|Note that each pull-down on the menu above contains specific and important information, including nomenclature, tables, references, CIFs, figures, paper types, and more. Please explore the whole site before submitting your paper -- the tab-based design makes it easy to find what you need instead of scrolling on and on. Alternately, there is a PDF you can download for reference that contains all information. Last updated: 2017-February|
Deposit Items and Data Sets
Supplementary material will be placed in MSA's free to use, free to read depository, which is located online (click on any Table of Contents, look for a deposit item and click the link). Here's an example of our data page. Starting in 2016, deposit links are located next to the issue in the TOC grid.
Almost any content, including tables, figures, and data sets may be deposited and do not have to comply with the official Am Min style guidelines. (Although CIF guidelines are strictly enforced.) In general, deposit materials will appear exactly as the author prepared them. Since deposit material is supposed to last for a long time, using plain txt, PDF, Excel, or other "universal" format is advised; but any format is accepted. It would also be beneficial to your paper, if the metadata of the item included author(s) name(s), title of the paper, and other keyword information as possible.
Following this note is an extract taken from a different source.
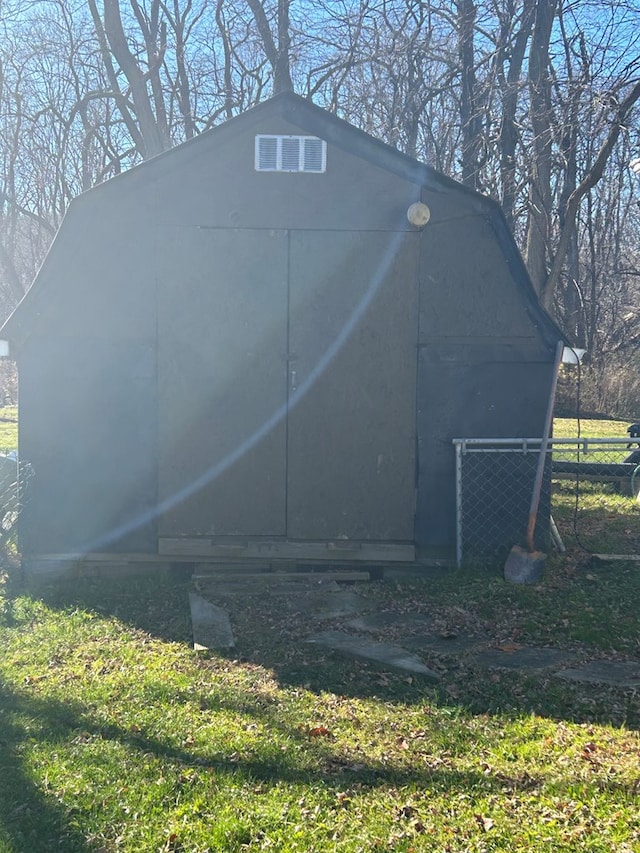 view of outbuilding with a yard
An electronic copy of deposit/supplementary materials, figures, tables, CIFs, additional methods information, and even movies should be uploaded to the peer review system when you submit your paper. Contact the Editorial office regarding any questions or concerns about special format files or for transmitting the files by ftp.
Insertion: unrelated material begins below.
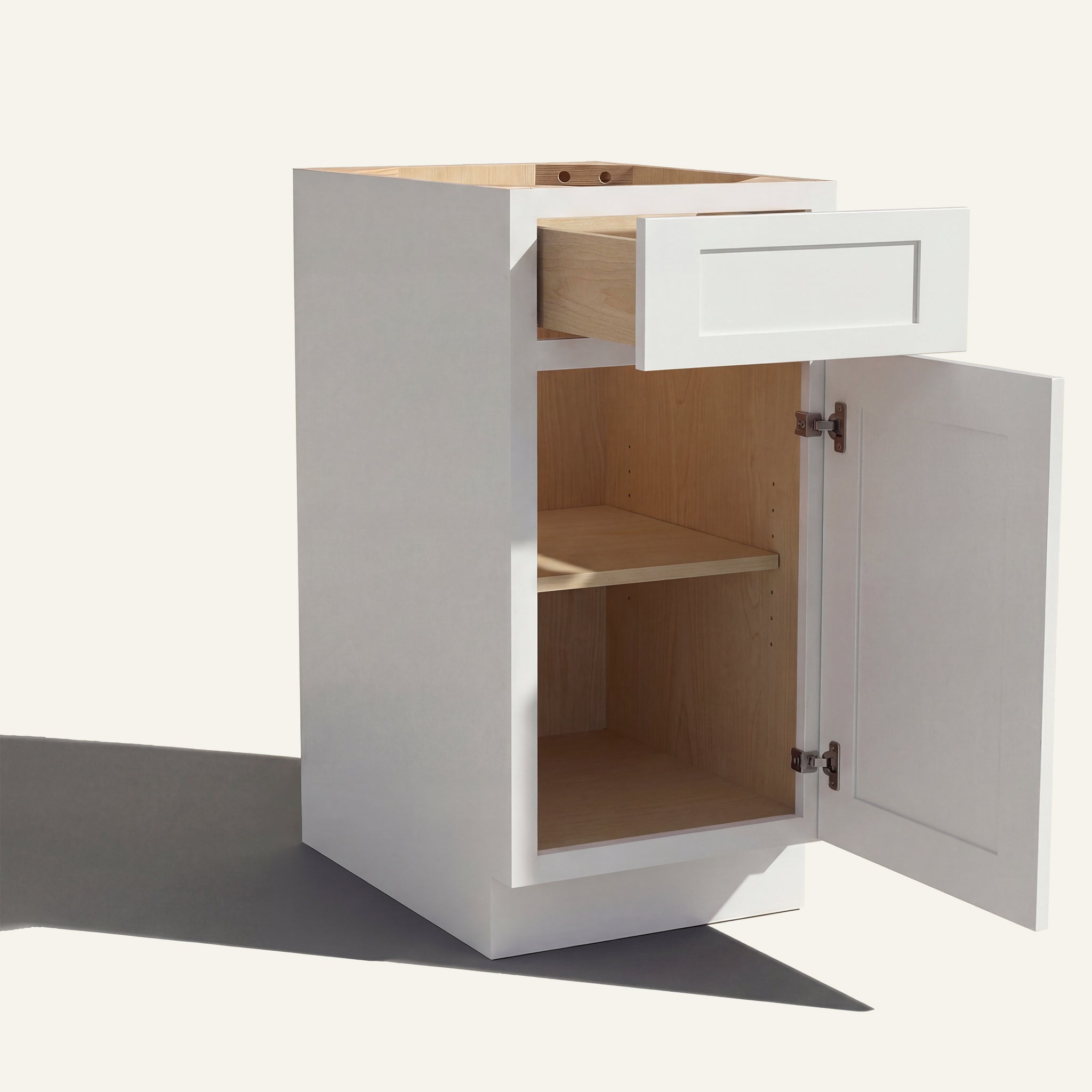 Angled view of a white Seaport Shaker vanity base cabinet with 1 door and 1 drawer open showing wood interior.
In most cases, the Editorial office will add the "branding" needed to identify the published version of your article. However, it is very helpful and a "best practice" for authors to put at the top of the file last name, year of publication, and American Mineralogist. Authors with many deposits will be asked to do this in the production phase if they have not.
CIFs: These data have specific requirements and are vetted in peer review. See CIF guidelines.
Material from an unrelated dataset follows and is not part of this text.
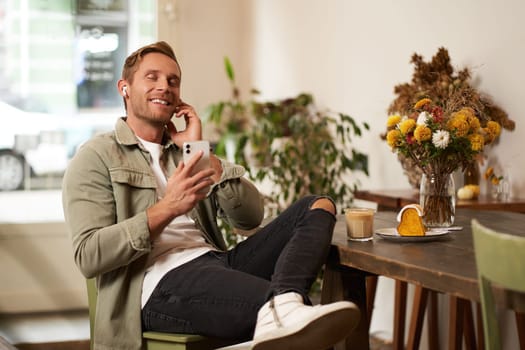 Happy handsome man in coffee shop, listening to music in wireless earphones, connects to cafe wifi to enjoy favourite song on his smartphone playlist, sitting and drinking cappuccino.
If you deposit data related to your research in public data repositories, whether with your institution, Figshare, Dryad, or other, we will enable hyperlinks to that data if you provide an URL, especially if your funding requires that your data be deposited and linked. The format can be to simply embed this in the method's text, but it could also be treated as a reference and cited and listed as any reference. If another person's data is used, be sure to reference that in the References List, and call it out in the paper, basically as you would any citation (author(s), year, title, repository info/name, and the persistent link). The specific persistent link could be a DOI or any other format.
We encourage authors to do this; the community of science now and in the future may find the raw data or big data invaluable. Furthermore, think of your deposited data set, and our link to it, as a discovery tool for your paper. Finally, this should aid those of you with funding requirements that require linking of data to the published paper.
Please consider making some Figures, Tables or even a portion of your paper "supplementary data", if you have a large paper (over 50 pages raw, counting each figure as 1 page). Very approximately, every 3 pages deposited reduces the final typeset version by 1 page. Evidence-based publishing indicates that shorter articles are more often read/cited than longer articles. And if your paper is Open Access, that reduces your APF; or your reprint costs for a regular paper. Of course MSA is interested in reducing costs; however, if the science needs the space then that is important to communicate to the editor.
A common concern about deposit materials is that readers will not click the url or the url will break in future years or the paper will just be incomplete. To solve that consider depositing the material in Dryad, Figshare, etc. -- options at the bottom of this page although are many such services and you can use the one you wish. They will supply you with an DOI -- a digital object identifier -- and you let us know what that is and we embed that into the paper. Many advantages -- the DOI will always work, the material is linked to you and to the paper, the deposit material is not under embargo of any sort, it is typically free to all readers, it is another discovery tool for the paper. Let us know how this works for you so we can improve our information for authors.
Authors can supply us with DOIs for data if they wish, the data that is often requested by funders, etc. but isn't really a part of the paper.